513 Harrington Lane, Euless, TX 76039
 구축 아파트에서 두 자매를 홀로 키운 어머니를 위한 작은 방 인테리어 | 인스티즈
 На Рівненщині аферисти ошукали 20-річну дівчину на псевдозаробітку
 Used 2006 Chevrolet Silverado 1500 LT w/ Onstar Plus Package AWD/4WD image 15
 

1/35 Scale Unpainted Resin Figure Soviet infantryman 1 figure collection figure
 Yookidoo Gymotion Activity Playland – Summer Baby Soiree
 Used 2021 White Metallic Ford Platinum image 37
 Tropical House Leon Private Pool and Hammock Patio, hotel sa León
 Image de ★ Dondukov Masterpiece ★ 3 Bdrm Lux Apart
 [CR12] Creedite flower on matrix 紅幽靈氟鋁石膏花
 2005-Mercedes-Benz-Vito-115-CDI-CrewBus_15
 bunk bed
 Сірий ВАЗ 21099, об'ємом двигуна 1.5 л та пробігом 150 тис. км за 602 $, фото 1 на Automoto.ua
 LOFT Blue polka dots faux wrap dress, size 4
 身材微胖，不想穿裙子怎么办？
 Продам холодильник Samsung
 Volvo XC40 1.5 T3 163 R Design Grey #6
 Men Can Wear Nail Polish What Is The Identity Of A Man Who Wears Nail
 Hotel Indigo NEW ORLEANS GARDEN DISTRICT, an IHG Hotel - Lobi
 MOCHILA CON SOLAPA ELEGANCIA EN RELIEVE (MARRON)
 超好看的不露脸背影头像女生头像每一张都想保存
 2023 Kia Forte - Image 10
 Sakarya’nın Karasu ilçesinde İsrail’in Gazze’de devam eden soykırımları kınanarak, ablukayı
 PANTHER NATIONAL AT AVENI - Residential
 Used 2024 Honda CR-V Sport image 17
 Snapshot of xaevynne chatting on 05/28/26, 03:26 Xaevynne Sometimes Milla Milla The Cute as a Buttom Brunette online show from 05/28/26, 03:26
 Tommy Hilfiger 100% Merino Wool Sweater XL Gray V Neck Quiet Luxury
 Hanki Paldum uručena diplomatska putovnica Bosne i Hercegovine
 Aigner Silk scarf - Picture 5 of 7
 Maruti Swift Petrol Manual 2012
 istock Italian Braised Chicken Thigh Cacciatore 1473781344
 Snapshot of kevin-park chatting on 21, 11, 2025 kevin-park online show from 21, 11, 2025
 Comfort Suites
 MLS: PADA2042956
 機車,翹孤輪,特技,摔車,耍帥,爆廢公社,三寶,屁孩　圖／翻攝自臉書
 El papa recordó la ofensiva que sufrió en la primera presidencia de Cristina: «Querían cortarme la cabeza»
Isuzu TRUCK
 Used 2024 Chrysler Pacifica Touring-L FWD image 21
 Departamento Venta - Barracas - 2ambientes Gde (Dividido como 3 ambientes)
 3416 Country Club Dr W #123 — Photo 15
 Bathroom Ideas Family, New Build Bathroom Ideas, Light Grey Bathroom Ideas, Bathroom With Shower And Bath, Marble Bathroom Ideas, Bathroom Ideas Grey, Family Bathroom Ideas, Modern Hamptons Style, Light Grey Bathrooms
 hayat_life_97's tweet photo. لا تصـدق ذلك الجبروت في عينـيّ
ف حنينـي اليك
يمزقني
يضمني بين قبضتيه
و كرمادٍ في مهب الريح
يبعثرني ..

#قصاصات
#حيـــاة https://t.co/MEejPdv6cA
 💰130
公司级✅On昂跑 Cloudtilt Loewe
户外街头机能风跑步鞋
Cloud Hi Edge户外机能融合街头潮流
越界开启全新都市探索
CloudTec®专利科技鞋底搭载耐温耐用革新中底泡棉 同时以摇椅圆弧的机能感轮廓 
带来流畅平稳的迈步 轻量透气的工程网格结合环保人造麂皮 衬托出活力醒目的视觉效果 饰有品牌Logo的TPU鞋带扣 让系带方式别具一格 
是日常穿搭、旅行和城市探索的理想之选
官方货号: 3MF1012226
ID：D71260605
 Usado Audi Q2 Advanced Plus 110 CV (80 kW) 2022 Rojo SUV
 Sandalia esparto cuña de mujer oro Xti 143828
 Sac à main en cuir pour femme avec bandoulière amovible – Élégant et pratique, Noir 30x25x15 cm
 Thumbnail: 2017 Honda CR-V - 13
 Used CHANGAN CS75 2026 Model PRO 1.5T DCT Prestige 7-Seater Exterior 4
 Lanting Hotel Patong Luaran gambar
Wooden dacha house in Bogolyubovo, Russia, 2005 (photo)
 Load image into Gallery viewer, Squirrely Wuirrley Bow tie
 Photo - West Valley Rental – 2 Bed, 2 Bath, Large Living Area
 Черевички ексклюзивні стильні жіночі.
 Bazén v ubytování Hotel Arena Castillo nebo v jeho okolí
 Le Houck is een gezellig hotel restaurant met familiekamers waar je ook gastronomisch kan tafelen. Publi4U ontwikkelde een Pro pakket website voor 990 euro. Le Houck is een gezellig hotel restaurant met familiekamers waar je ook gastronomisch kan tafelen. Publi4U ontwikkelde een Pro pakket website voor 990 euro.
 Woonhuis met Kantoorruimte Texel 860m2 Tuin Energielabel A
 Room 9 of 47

▸ **Work order**
Copy only this part of the entries above: the line with "ف حنينـي اليك", the line with "Load image into", and the lines between, all exactly as written.

▸ **Your solution**
ف حنينـي اليك
يمزقني
يضمني بين قبضتيه
و كرمادٍ في مهب الريح
يبعثرني ..

#قصاصات
#حيـــاة https://t.co/MEejPdv6cA
 💰130
公司级✅On昂跑 Cloudtilt Loewe
户外街头机能风跑步鞋
Cloud Hi Edge户外机能融合街头潮流
越界开启全新都市探索
CloudTec®专利科技鞋底搭载耐温耐用革新中底泡棉 同时以摇椅圆弧的机能感轮廓 
带来流畅平稳的迈步 轻量透气的工程网格结合环保人造麂皮 衬托出活力醒目的视觉效果 饰有品牌Logo的TPU鞋带扣 让系带方式别具一格 
是日常穿搭、旅行和城市探索的理想之选
官方货号: 3MF1012226
ID：D71260605
 Usado Audi Q2 Advanced Plus 110 CV (80 kW) 2022 Rojo SUV
 Sandalia esparto cuña de mujer oro Xti 143828
 Sac à main en cuir pour femme avec bandoulière amovible – Élégant et pratique, Noir 30x25x15 cm
 Thumbnail: 2017 Honda CR-V - 13
 Used CHANGAN CS75 2026 Model PRO 1.5T DCT Prestige 7-Seater Exterior 4
 Lanting Hotel Patong Luaran gambar
Wooden dacha house in Bogolyubovo, Russia, 2005 (photo)
 Load image into Gallery viewer, Squirrely Wuirrley Bow tie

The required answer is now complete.